# 2008 115 evinrude Etec



## nick (Sep 22, 2008)

My dad bought a boat at the boat show and the motor has been shuting down with a hot alarm and the dealer dont seem to know what there doing so any suggestions would be greatly appreciated.


----------



## Capt. Juarez (Jun 20, 2008)

it could be a couple of things :

you might need to change out you water pickup screens depends what kind of boat you have it on

change out your water pump if it has any wear on it

has your engine overheated any? if it has defenitly check you water pump

There was a recall on the tubing coming from the water pickup to the pump that might need to be changed out

hope this helps

Capt. Brent Juarez


----------



## nick (Sep 22, 2008)

the motor is on a 19' shoalwater changing the screens sounds logical but i dont see how the water pump good be wore unless it came from the factory with a problem....We were running with the jackplate on about 3 in the ICW and got an alarm. 

We will prolly look into changing the screens.

Thanks


----------



## Smash (Apr 9, 2008)

*2008 115 E-tec on my Shoalwater*

My E-tec does the same thing. I have to slow down to an idle and start again. It did it the other day when the bay was very rough. I though it was because I was catching some air as I was coming out of the water. I don't know what it is. The motor runs great other than that. I've got up to 40 mph but my boat starts porposing. I think I need trim tabs. My boats is supposed to run skinny and get up in around 9". I cant get it to do it. Does any Shoalwater 19V Stealth owners know how to get up in shallow water?


----------



## Muddskipper (Dec 29, 2004)

Pull the Thermo-stats.....I had sucked up a bunch of shell, and was restrictiing my flow.....

Stone and Sons Marine Figured it out for me.....

I have the exact same 115 e- tec

We did the water pump at that time, and it was in perfect condiditon after 110 hrs.....I can see why they say it will go 300 hrs......but I changed it anyways....


----------



## Muddskipper (Dec 29, 2004)

BTW
I put on the high - intake screens after that......and was told that will help with water intake, but will also suck in moire trash....

BTW
If you dont have a water pressure gauge get one !!!!

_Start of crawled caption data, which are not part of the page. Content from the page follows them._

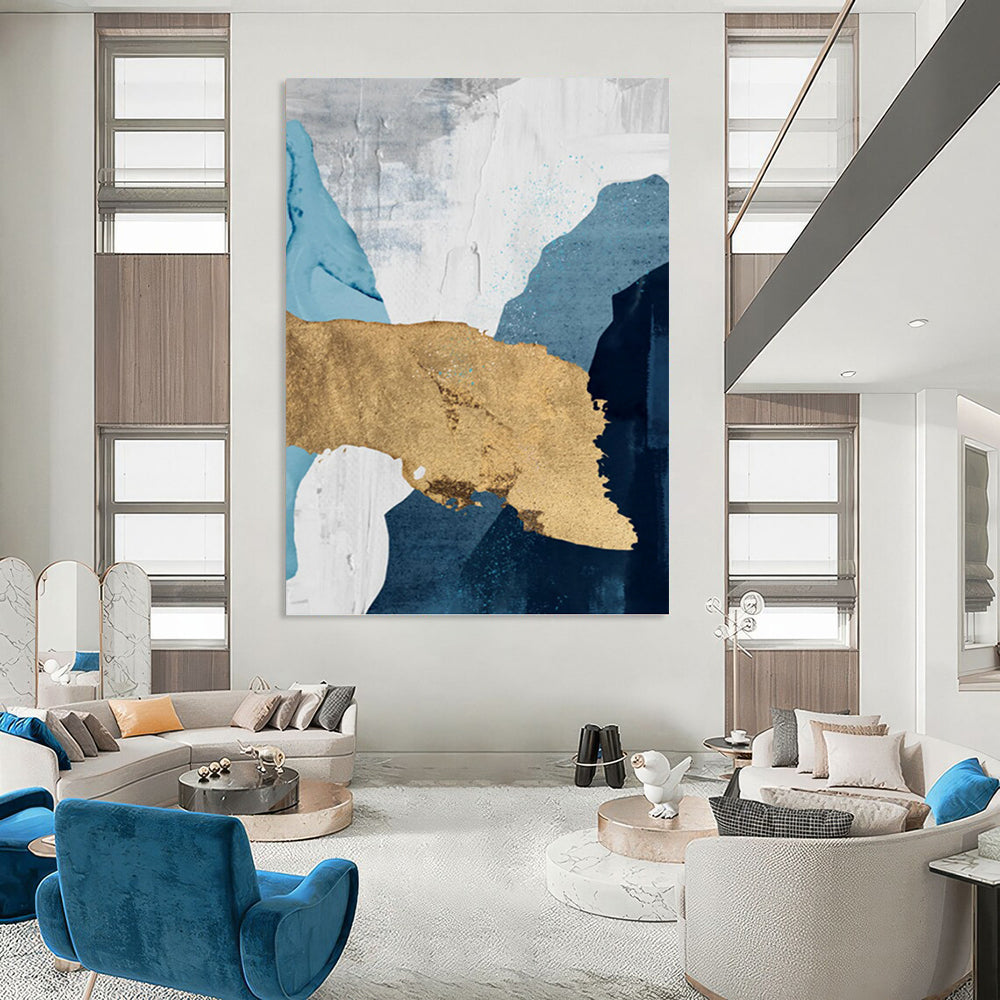 “Blue, White, and Gold Abstract” - Elegant, Metallic - Accented Painting On Canvas PT1527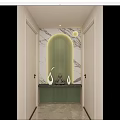 Cream Simple Style Arc Light Strip No Main Light Corridor End View Entrance 3d model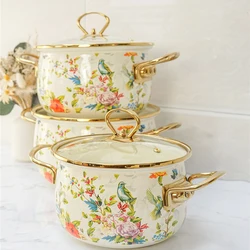 Enamel Soup Pot Retro Flower Bird Binaural Large Capacity Stew Pot with Lid Home Enamel Utensils for Kitchen Delicate Cookware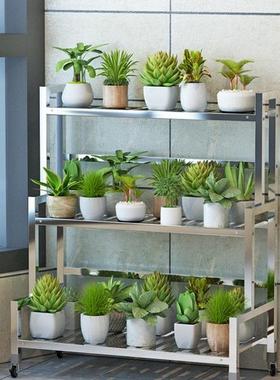 不锈钢花物18043架置架阳放台家用阶梯式多肉物植摆展示架子落地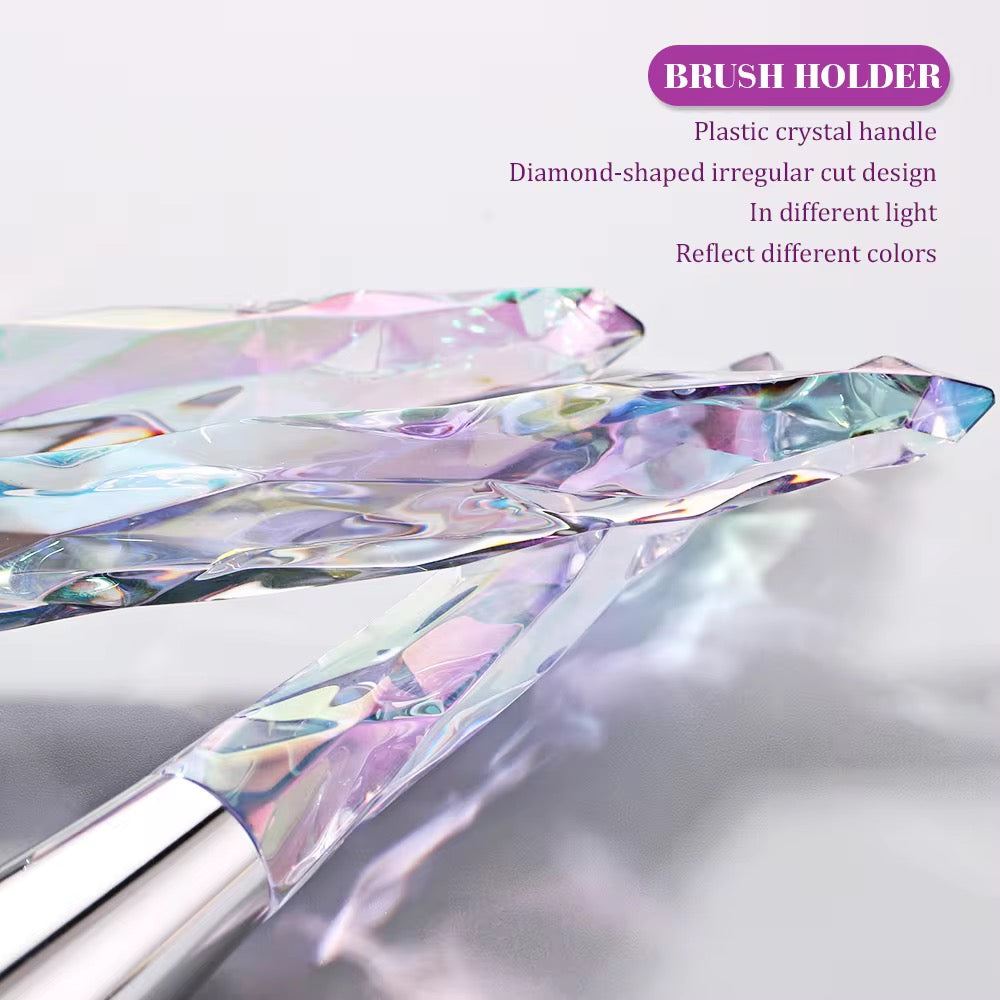 PANSYTRACY 10Pcs Makeup Brush Set Geometric Brilliance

Easy install and will help with this issue


----------



## nick (Sep 22, 2008)

Thats another thing i dont understand we have good water pressuse all the time(between 15 and 20 lbs) and still get an alarm.


----------



## Capt. Juarez (Jun 20, 2008)

do you have a cav plate on the motor if you dont it will catch alot of pockets of air coming out of your tunnel and will burn up your impeller on the water pump


----------



## nick (Sep 22, 2008)

yeah it has a cavitation plate on it


----------



## fishin shallow (Jul 31, 2005)

If I run on the ICW with the plate at 3/4 of the way up or higher the alarm will go off on a choppy day even with the gauge showing 20psi. I figured this after coming out of a back bay with my motor higher that normal and the Dealer told me the same thing the Cpt mentioned, that I am getting air, so I run my JP lower now in the deeper water. And haven't had another problem since.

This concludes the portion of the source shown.